[Data extracted from a collection]
[Start of Attachment]
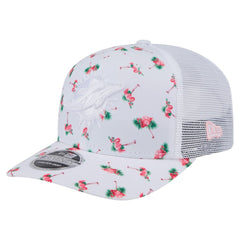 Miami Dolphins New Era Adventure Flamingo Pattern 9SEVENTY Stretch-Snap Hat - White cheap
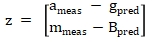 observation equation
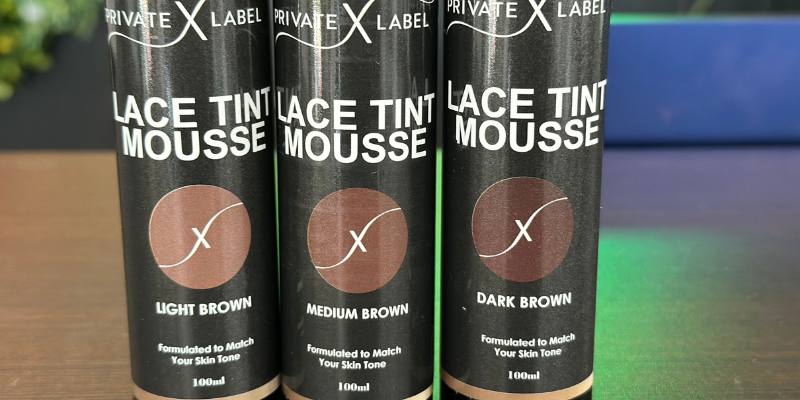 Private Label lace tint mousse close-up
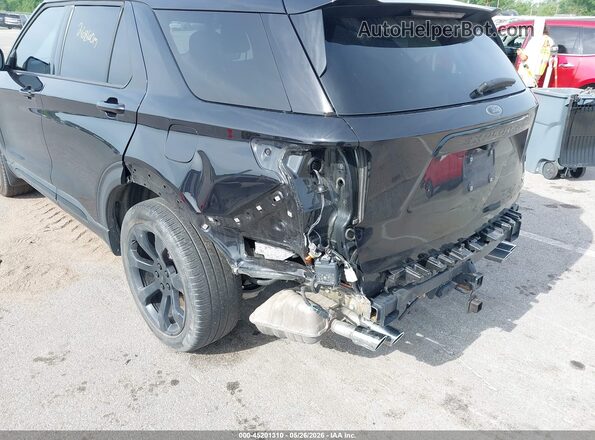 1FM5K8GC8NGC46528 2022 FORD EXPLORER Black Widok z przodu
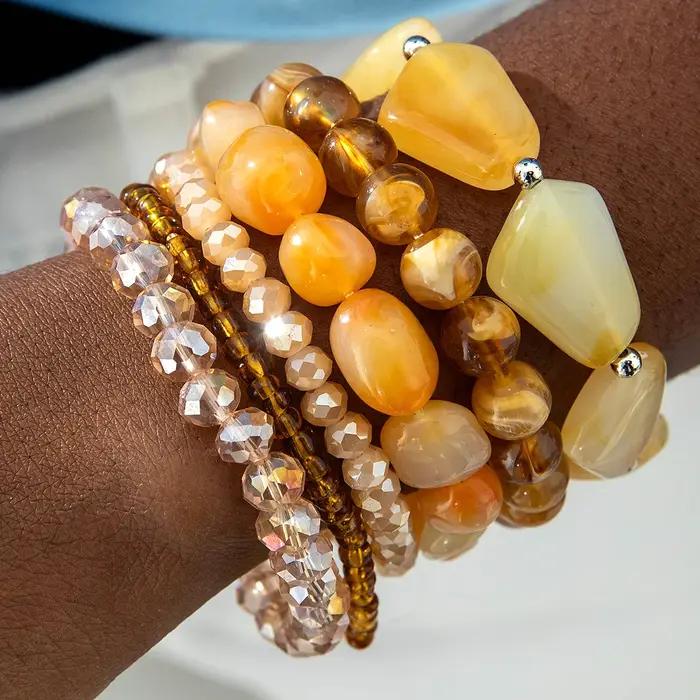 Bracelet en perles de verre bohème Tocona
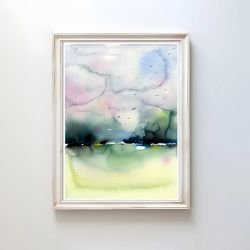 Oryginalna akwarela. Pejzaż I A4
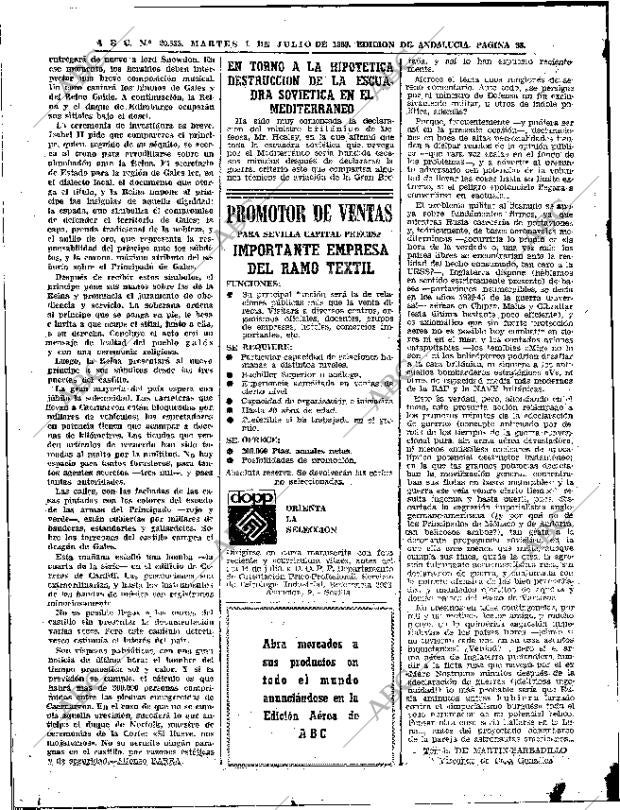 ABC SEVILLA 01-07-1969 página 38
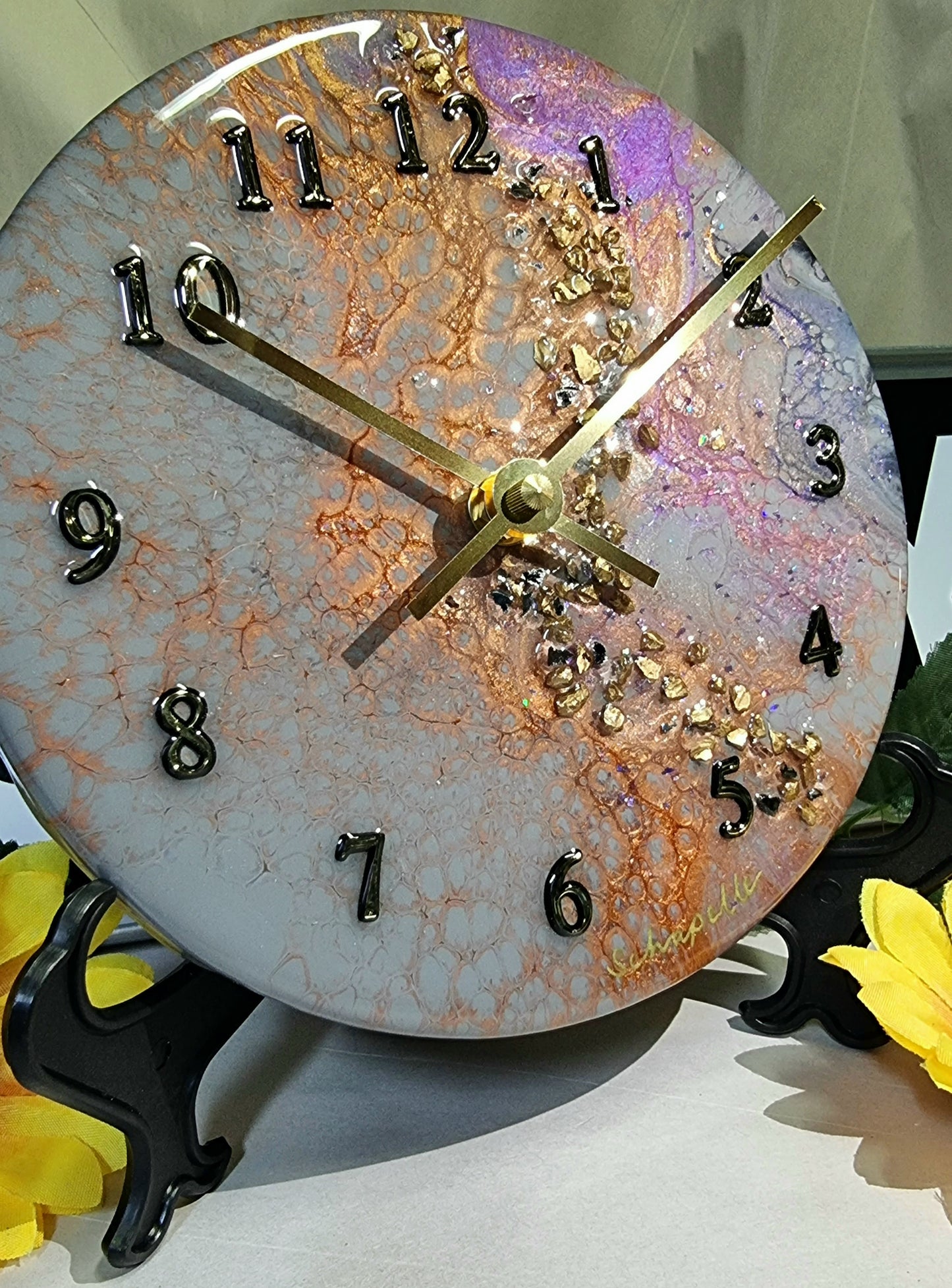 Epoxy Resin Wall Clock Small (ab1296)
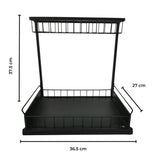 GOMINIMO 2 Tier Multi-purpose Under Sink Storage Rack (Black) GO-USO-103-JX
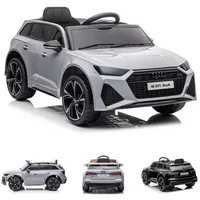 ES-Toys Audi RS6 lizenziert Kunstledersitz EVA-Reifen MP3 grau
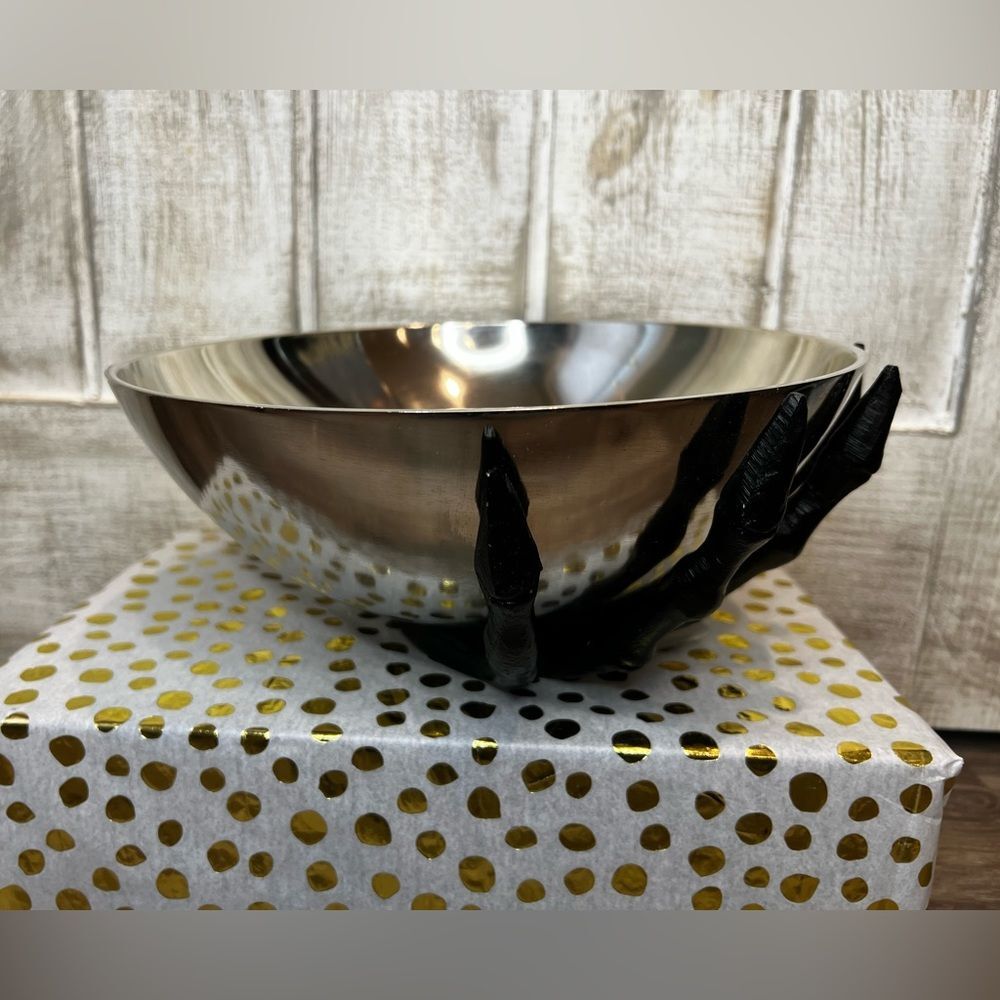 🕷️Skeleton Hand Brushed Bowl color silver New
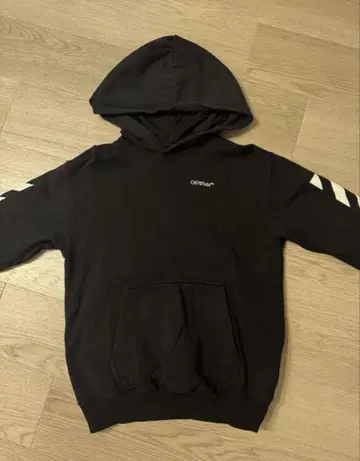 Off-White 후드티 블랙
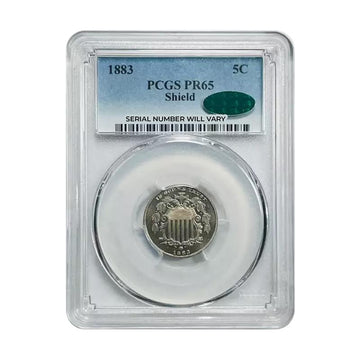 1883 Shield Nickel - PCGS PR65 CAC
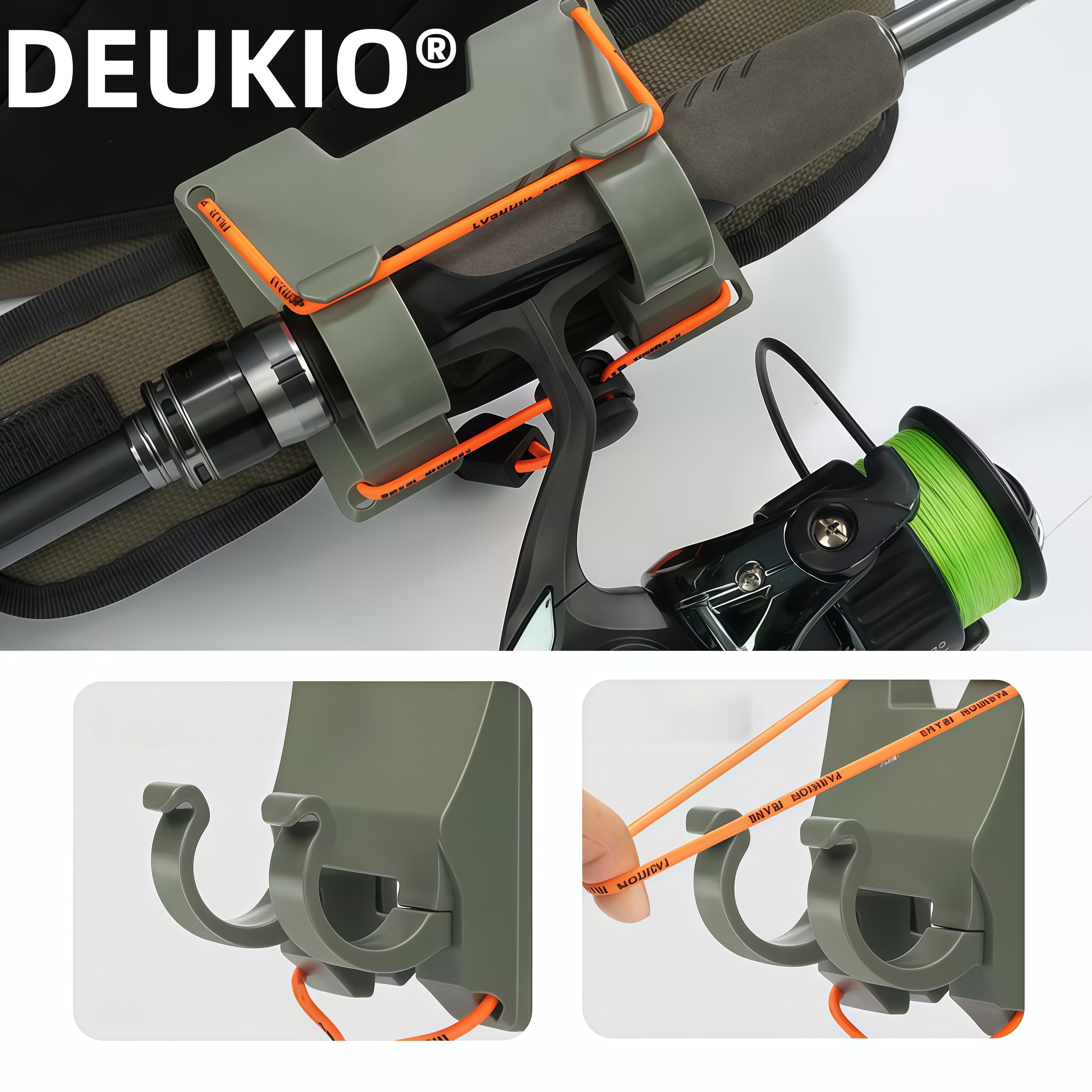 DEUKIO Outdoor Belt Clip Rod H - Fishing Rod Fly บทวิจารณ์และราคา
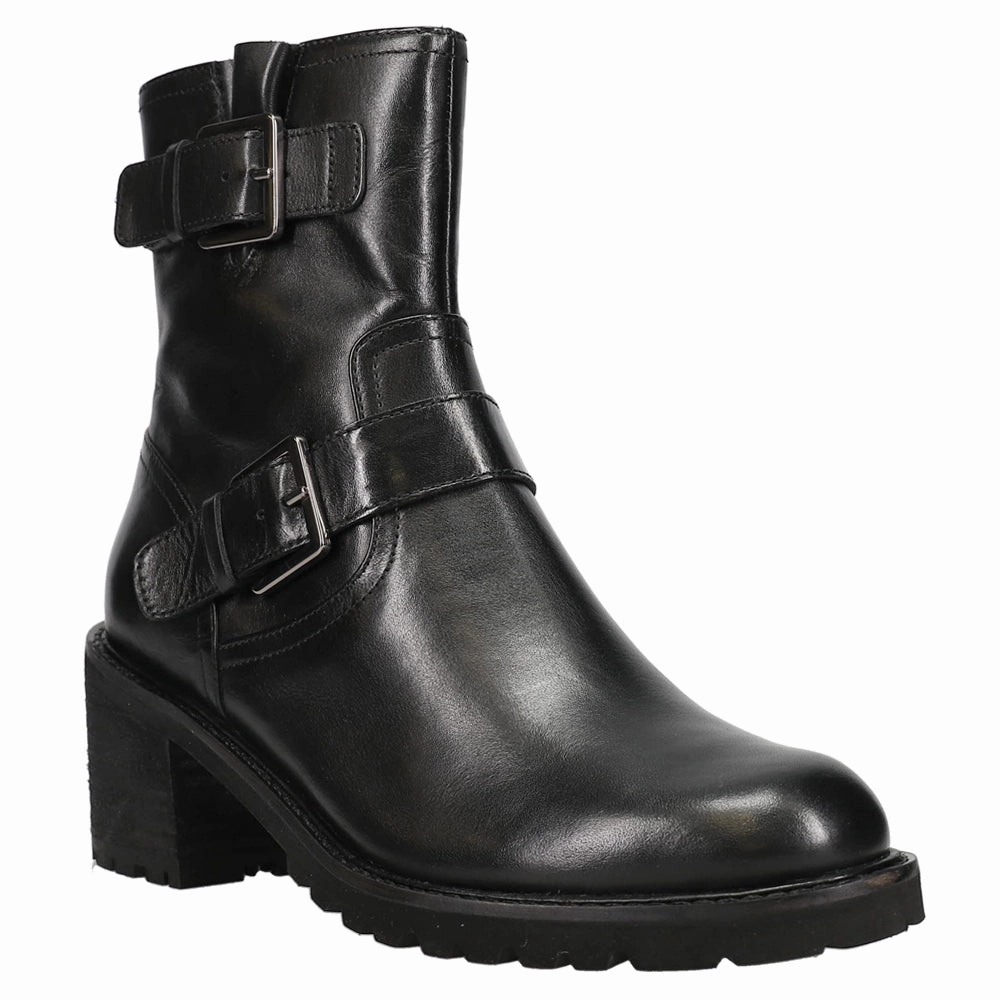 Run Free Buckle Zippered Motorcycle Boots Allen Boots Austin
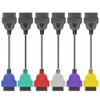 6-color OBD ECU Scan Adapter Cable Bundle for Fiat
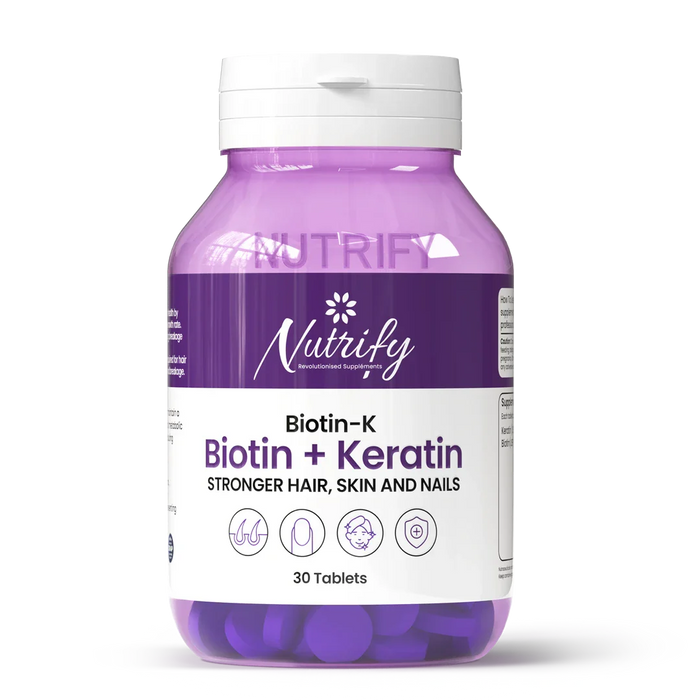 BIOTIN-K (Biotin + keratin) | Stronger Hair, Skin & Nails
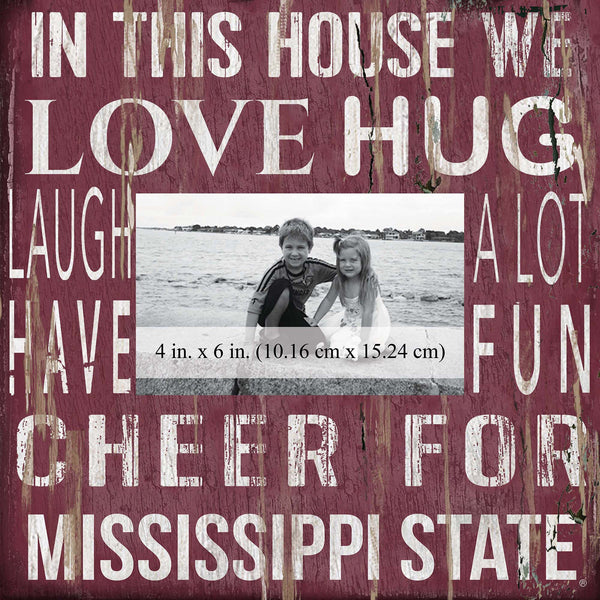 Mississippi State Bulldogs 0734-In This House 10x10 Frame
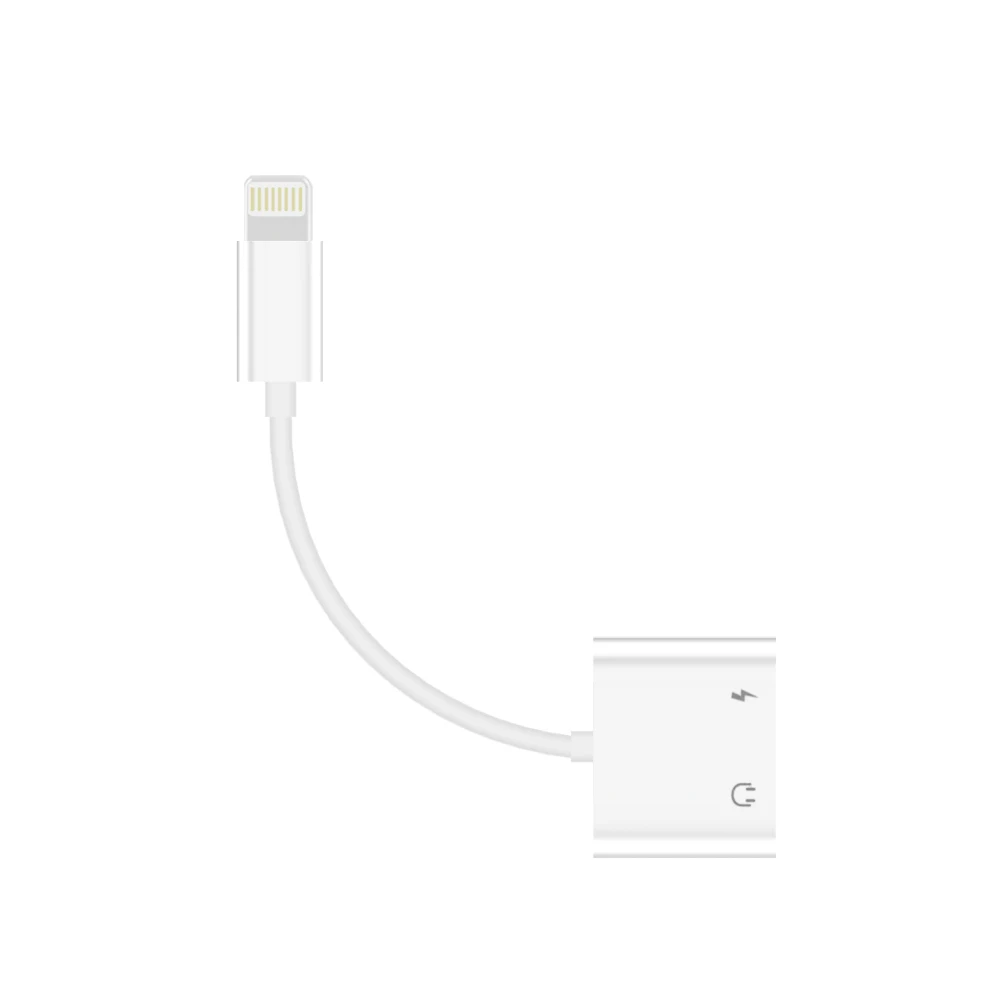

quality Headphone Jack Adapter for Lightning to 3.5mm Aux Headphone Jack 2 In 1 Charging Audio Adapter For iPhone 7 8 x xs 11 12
[End of Attachment]
> **Required action**
Could you reproduce the data above exactly, without its pictures?

> **Solution to the exercise**
 Miami Dolphins New Era Adventure Flamingo Pattern 9SEVENTY Stretch-Snap Hat - White cheap
 observation equation
 Private Label lace tint mousse close-up
 1FM5K8GC8NGC46528 2022 FORD EXPLORER Black Widok z przodu
 Bracelet en perles de verre bohème Tocona
 Oryginalna akwarela. Pejzaż I A4
 ABC SEVILLA 01-07-1969 página 38
 Epoxy Resin Wall Clock Small (ab1296)
 GOMINIMO 2 Tier Multi-purpose Under Sink Storage Rack (Black) GO-USO-103-JX
 ES-Toys Audi RS6 lizenziert Kunstledersitz EVA-Reifen MP3 grau
 🕷️Skeleton Hand Brushed Bowl color silver New
 Off-White 후드티 블랙
 1883 Shield Nickel - PCGS PR65 CAC
 DEUKIO Outdoor Belt Clip Rod H - Fishing Rod Fly บทวิจารณ์และราคา
 Run Free Buckle Zippered Motorcycle Boots Allen Boots Austin
 6-color OBD ECU Scan Adapter Cable Bundle for Fiat
 BIOTIN-K (Biotin + keratin) | Stronger Hair, Skin & Nails
 Mississippi State Bulldogs 0734-In This House 10x10 Frame

quality Headphone Jack Adapter for Lightning to 3.5mm Aux Headphone Jack 2 In 1 Charging Audio Adapter For iPhone 7 8 x xs 11 12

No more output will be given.